Search the records for lines with the word "owners" and copy each match.

Items from a data source:
^^^^^^^^^^^^^^^^

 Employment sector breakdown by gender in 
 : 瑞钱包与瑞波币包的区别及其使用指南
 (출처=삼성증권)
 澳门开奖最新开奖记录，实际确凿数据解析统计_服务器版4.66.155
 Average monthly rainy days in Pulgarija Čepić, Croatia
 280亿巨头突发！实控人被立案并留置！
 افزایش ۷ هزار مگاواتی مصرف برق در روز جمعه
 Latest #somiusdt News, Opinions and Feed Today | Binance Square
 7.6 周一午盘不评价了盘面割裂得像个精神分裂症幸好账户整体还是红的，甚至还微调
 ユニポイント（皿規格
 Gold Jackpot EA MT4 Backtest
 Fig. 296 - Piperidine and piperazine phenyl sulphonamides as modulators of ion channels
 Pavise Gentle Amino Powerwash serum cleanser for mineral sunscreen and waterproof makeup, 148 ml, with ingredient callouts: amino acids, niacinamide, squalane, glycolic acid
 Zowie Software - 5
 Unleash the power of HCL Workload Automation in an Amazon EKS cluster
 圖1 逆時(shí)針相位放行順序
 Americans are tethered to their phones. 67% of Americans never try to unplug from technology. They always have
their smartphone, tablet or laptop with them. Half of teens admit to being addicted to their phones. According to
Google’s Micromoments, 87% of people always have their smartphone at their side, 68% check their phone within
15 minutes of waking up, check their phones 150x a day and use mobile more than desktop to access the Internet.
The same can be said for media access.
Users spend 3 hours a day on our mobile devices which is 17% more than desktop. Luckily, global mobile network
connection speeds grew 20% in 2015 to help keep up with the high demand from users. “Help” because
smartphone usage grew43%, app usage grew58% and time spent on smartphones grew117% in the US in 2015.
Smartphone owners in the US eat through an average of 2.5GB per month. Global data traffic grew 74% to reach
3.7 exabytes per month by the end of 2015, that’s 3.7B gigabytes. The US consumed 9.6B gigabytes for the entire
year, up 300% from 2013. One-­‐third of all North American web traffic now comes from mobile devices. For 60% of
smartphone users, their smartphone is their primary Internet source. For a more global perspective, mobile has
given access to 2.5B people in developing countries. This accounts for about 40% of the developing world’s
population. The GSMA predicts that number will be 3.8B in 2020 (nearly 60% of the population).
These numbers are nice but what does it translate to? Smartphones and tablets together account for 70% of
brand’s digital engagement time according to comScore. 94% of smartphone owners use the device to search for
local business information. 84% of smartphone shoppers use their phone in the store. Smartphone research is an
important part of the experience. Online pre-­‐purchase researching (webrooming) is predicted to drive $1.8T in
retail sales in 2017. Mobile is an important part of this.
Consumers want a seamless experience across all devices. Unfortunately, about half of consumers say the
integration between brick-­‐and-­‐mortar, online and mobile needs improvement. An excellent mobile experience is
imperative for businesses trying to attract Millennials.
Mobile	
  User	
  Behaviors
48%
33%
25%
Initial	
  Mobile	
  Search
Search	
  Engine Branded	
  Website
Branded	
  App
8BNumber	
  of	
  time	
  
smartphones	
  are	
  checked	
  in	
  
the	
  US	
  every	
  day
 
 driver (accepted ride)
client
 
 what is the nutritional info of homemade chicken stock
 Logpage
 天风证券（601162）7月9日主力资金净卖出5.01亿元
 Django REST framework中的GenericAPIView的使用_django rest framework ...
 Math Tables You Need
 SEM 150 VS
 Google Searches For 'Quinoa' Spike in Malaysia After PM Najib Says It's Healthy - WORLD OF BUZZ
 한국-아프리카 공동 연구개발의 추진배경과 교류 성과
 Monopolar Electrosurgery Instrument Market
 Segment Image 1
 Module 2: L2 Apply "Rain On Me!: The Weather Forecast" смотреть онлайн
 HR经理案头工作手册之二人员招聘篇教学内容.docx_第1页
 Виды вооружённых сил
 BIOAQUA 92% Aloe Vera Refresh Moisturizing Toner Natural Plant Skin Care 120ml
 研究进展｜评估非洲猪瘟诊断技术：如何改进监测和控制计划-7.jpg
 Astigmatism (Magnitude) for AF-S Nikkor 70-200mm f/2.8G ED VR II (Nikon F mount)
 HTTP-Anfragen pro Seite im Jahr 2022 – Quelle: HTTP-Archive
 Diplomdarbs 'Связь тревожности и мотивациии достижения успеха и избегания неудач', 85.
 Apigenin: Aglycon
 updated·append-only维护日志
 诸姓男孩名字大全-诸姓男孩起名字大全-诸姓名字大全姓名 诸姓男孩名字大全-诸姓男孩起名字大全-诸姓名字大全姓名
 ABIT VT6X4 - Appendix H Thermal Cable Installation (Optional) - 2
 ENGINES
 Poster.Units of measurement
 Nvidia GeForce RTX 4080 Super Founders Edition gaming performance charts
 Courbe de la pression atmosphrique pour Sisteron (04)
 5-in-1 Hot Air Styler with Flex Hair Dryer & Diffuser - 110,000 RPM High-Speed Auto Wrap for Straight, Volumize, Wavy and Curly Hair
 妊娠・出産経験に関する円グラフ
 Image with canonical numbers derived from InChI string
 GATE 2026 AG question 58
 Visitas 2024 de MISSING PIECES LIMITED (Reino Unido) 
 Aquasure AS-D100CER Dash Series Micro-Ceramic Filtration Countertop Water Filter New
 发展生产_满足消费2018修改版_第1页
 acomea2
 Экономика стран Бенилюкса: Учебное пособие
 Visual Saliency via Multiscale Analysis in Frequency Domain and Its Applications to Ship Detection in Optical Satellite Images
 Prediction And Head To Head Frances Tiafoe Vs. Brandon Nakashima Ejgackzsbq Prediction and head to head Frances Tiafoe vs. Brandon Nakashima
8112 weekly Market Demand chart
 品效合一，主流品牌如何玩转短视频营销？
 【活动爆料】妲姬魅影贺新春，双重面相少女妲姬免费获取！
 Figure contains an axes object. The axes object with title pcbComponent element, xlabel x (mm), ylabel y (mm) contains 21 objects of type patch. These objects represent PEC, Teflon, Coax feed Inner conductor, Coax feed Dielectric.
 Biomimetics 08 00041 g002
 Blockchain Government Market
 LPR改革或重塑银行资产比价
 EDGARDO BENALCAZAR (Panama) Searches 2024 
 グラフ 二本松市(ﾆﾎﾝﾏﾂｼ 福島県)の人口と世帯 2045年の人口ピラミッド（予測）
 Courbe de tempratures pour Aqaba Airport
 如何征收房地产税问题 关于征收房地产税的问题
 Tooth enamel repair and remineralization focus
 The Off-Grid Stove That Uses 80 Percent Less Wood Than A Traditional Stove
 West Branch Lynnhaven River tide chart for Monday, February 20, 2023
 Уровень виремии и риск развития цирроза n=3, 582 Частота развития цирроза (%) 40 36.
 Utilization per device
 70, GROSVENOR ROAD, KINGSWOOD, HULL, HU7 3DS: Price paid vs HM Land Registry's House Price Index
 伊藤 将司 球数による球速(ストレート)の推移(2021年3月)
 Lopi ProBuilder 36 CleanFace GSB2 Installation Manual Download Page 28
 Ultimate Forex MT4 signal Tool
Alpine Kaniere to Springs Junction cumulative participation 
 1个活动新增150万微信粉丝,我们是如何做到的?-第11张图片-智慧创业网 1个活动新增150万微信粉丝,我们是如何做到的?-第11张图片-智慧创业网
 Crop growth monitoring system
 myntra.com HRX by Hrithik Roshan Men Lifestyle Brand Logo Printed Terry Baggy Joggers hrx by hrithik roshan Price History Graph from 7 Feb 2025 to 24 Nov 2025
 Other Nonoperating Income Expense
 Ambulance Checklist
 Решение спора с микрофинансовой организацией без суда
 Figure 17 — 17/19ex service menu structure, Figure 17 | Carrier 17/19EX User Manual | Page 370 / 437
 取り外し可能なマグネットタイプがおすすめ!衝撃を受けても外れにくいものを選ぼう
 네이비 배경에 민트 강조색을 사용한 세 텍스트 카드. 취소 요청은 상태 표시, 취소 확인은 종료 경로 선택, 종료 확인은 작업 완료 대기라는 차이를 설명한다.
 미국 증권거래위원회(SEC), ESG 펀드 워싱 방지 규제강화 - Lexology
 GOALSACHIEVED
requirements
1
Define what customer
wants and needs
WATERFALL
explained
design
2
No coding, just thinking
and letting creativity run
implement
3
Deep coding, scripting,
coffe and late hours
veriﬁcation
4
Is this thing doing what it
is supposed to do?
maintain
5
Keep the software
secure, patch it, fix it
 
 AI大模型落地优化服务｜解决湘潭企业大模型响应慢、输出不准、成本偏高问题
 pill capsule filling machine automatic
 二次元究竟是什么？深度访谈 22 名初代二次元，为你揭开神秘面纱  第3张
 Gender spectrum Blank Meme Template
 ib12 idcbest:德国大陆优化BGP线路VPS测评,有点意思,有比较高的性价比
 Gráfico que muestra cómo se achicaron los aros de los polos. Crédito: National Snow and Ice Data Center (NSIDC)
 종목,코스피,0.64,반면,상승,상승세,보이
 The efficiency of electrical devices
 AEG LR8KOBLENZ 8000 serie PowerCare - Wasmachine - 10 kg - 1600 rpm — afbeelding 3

^^^^^^^^^^^^^^^^

Answer for this exercise ->
Smartphone owners in the US eat through an average of 2.5GB per month. Global data traffic grew 74% to reach
brand’s digital engagement time according to comScore. 94% of smartphone owners use the device to search for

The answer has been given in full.